On November 12, 2013, the Yale School of Management Entrepreneurship and Net Impact Clubs welcomed CommonBond Co-Founder and CFO Michael Taormina to speak about his experiences starting the peer-to-peer “platform that connects MBA student borrowers with financing.” Tom Melton (SOM Class of 2014), who interned at CommonBond’s Brooklyn office in the summer of 2013 in investor relations, introduced Mike as the company’s “eternal optimist.”
Mike began his talk with a brief introduction of himself and of his start-up. Though he previously worked as a trader at JPMorgan, Mike found that he was most passionate about his “professional extracurriculars,” which were philanthropic activities with organizations like the Juvenile Diabetes Research Foundation.

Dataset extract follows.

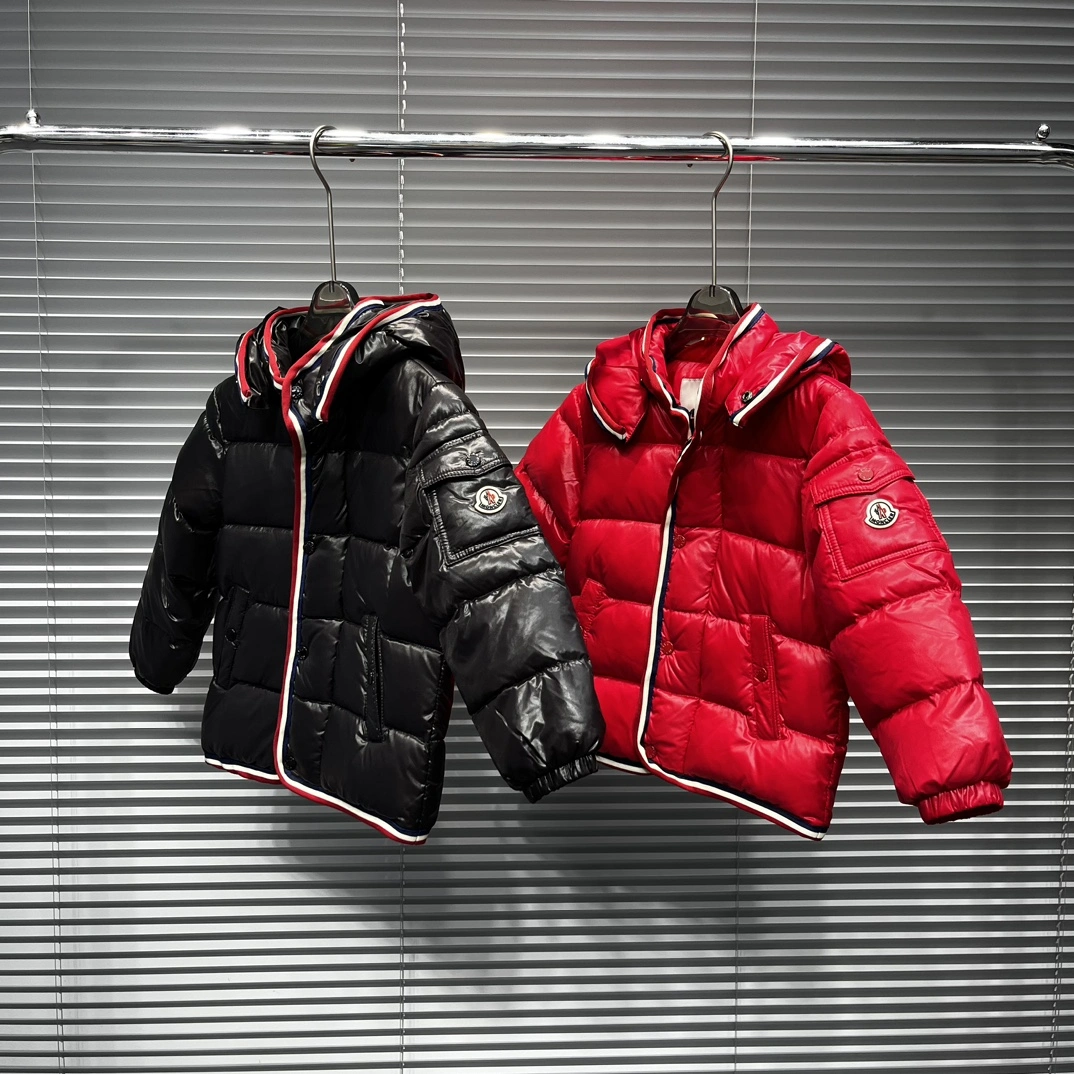 Stretchable Moncler Down Jackets 145485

When he began pursuing an MBA at the Wharton School, he set his sights on starting a company with a positive social impact. Mike described the student loan industry as a “$1 trillion problem,” in which both students and investors receive poor value. Motivated to solve this issue and to introduce a one-for-one philanthropic model to education, Mike and classmate David Klein dropped out of Wharton to focus on CommonBond.
After a tough summer trying to raise money, the team eventually gained attention through some creative initiatives, including a wildly successful gala to raise funds for their non-profit venture. They were able to leverage this publicity to raise $2.5 million from Wharton alumni to refine and launch their business model.
Today, with 11 full-time staff and a recently completed $100 million round of financing, CommonBond is looking to expand by hiring “good and smart people with the strategic chops to think at a high level, but the executional chops to get things done.”
During the Q&A session, Jeff Woodward (SOM/FES ’14) asked for advice on how MBAs could convince traditionally MBA-unfriendly startups to hire them. “You need to show your value-add,” responded Mike. “Startups have risk, and you need to help take this out.”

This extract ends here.